Additionally, I believe different kids learn differently, and that has classroom implications. (RTI)

Struggling learners can achieve mastery of standards.  The students I have that aren't doing well don't see the point of what I have to offer.  Or they don't come prepared to class.  Or they have had repeated illnesses and that has affected their attendance.  What motivates kids is a belief that they can accomplish a task and apply it with the proper supports.(RTI)


I have control over what is important in my classroom.  And because of that I no longer feel the need to travel in a lock-step fashion for each student through each and every unit I teach.  Some kids need more practice than others.  Others need visual cues or mathematical models rather than a lot of text.  This realization has evolved my classroom to the point that standards-based education/competency-based education now makes sense to me.


That wasn't always the case.  I started (Round 1) with an assumption that SBG meant that I had to retest kids again and again, and if they passed the test, they had mastered the content.  Back in the day, that was called,  "O-B-E-ing the test" because the outcomes-based model lacked finesse.  LESSON 1:  Traditional tests do not equal mastery.  I shifted to a project-based model back in 1994, because a kid that missed the project had to redo the project over, and with each successive attempt, my expectations went up. Kids finally realized what I had to offer was steps towards a goal.  Struggling learners need a blueprint. (RTI)

Next, I moved to Understanding by Design and the 5E learning cycle, combining the work of Roger Bybee and Grant Wiggins (Round 2).  This forced me to put away the textbook and focus on the national standards.  Suddenly, there was a lot less busy work and a lot more checking for understanding.  Rick Stiggins and his Toolkit for Assessment introduced me to the difference between summative and formative assessment early on, but Understanding by Design clarified my purpose.   LESSON 2:  Assessment tells me if kids 'get it' and I need to define what the students need to  'get'. This is true for all students, not just those who struggle.
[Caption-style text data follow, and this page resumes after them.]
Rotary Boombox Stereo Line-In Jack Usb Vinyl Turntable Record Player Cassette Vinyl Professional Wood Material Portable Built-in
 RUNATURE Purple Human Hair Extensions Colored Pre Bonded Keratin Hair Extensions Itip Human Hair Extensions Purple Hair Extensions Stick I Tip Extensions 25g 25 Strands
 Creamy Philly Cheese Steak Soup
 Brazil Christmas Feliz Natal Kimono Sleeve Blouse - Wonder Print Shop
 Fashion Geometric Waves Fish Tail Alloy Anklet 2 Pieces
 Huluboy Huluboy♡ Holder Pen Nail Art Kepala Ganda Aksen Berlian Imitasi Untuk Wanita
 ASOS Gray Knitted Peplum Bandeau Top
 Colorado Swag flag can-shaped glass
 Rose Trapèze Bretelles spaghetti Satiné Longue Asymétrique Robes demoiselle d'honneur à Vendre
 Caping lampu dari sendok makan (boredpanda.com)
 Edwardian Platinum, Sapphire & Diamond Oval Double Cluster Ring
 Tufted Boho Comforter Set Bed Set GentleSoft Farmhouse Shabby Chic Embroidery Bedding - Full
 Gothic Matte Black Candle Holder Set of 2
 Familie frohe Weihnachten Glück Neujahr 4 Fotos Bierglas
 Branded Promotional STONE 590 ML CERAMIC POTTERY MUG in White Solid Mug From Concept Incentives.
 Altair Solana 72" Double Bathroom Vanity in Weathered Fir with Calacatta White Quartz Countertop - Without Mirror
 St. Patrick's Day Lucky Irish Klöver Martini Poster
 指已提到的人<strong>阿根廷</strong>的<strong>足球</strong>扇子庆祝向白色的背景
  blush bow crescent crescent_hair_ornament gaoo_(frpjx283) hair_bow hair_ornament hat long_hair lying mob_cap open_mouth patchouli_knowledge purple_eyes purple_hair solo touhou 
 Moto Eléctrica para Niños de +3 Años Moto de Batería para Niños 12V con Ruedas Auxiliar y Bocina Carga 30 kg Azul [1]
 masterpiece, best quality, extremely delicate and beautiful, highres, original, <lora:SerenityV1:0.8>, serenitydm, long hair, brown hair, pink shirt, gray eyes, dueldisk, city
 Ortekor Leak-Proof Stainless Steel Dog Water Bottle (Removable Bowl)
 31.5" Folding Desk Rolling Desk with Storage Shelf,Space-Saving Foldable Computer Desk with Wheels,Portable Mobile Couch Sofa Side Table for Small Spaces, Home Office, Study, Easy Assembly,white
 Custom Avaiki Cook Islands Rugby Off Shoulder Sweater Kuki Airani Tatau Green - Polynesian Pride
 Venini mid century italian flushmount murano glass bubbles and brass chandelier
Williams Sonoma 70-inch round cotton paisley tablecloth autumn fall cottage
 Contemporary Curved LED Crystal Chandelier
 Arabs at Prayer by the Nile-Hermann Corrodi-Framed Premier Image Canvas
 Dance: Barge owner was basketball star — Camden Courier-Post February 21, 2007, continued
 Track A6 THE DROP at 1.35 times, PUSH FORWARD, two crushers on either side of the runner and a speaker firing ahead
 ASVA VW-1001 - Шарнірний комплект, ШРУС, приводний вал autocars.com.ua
The next model was Mastery (Round 3).  During this round, a new wrinkle for SBG appeared at my district.   The semester grade was not complete until a child had passed all unit assessments.  If a child did not pass assessments, they were given an incomplete for up to a semester.  This was to help the struggling student, but getting together with said students was often difficult.  Here I learned  LESSON 3:  When a student is in my room, I can pull them out and work with them.   LESSON 4:  To do this, however, my classroom must fundamentally evolve.  Lecture became replaced with student-centered reading, hands-on activities and processing to meet the needs of all students.

As I became more and more versed in RTI, I realized that there would be kids who struggled in a unit, but just struggling in one unit did not automatically mean that they would struggle in the next.  Relevance played a great part in what I was doing, so going back to my universal design was critical, and a review of my assessments with an eye to application mattered.  Blended learning, with videos, sample problems, and multiple tools, led me to beef up my website for student-friendliness.   LESSON 5: Content knowledge matters for lesson design; it does not exist to make me a spouting fountain of knowledge.   My student needs to figure out concepts and connections, and it my job to help him or her critically think about that job.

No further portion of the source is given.